И оба словно бы и не представляют себе, что речь идет о процессах колоссальной — во времени протяженности. Главное же — как может видеться не утопией целенаправленное, управляемое создание феноменов, свободных по определению? Свободных, глубочайше интимных, стихийных (теперь сказали бы стохастических), да к тому же еще и бесконечно многофакторных. А Булгаков не меньше говорит в дальнейшем о неотложности внутренней православной христианизации интеллигенции, чем Бердяев — о создании новой философской традиции. Таким образом, российская интеллигенция и в своей самокритике, в своей внутренней перестройке верна себе. Вопросом жизни и смерти становится для России спасение мирной поступательной эволюции как таковой, сохранение основ ее государственности; но интеллигенция занята если не сокрушением этих основ и не подведением мин под эволюционный процесс, то поисками альтернативных революционному радикализму утопий.

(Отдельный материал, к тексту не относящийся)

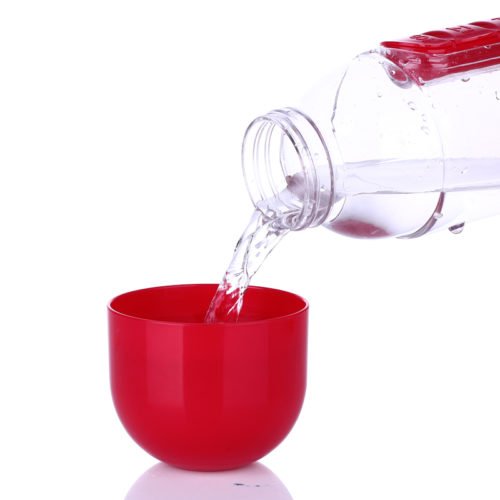 IPRee® 600ml Water Bottle 7 Days Week Pill Capsule Case Organizer Leak-Proof Drinking Cup 11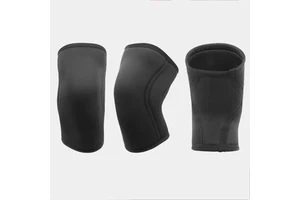Unisex Elastic Neoprene Knee Protector Brace Soft Non-Slip Advanced Protection 7mm Breathable Knee Sleeves Weightlifting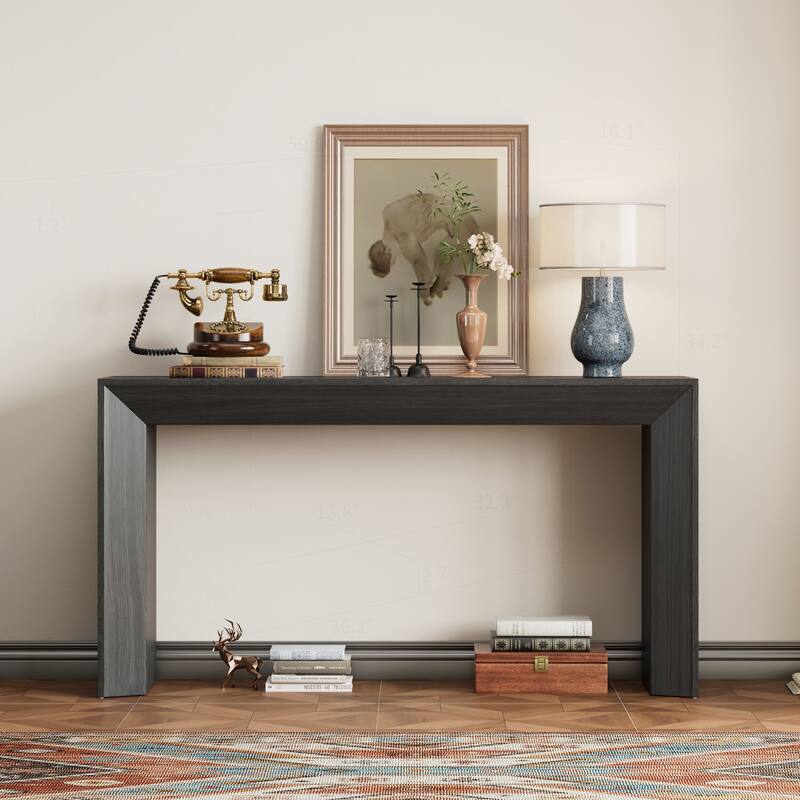 Versatile Elegant Console Table with Quality Wood Veneer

Почему российская интеллигенция так упорно тяготеет либо к утопии, либо к саперному делу — даже тогда, когда перед ней открыт немалый простор для полезной деятельности, общественной и профессиональной? Веховцы объясняют это в первую очередь «непрерывным и беспощадным давлением полицейского пресса» (С. Булгаков). Не пережито ли, однако, многообразнейшее жестокое давление в свое время и независимой мыслью Европы? Пережито, но в свое время. И для давления это время было — свое, и для свободомыслия — свое. А тут образованный слой имеет с XVIII столетия европейские потребности, европейские взгляды на права личности, свободу совести и разномыслие, но пребывает при этом в иной обыденности. Ведь он не столько возник, сколько создан в границах куда более молодой, чем Западная Европа, государственной и этнической общности. И народ и отчасти (ибо власть более вестернизирована, чем народ) государственность принадлежат своему хронотопу, а образованный класс — другому, в который и рвется. А его — нет.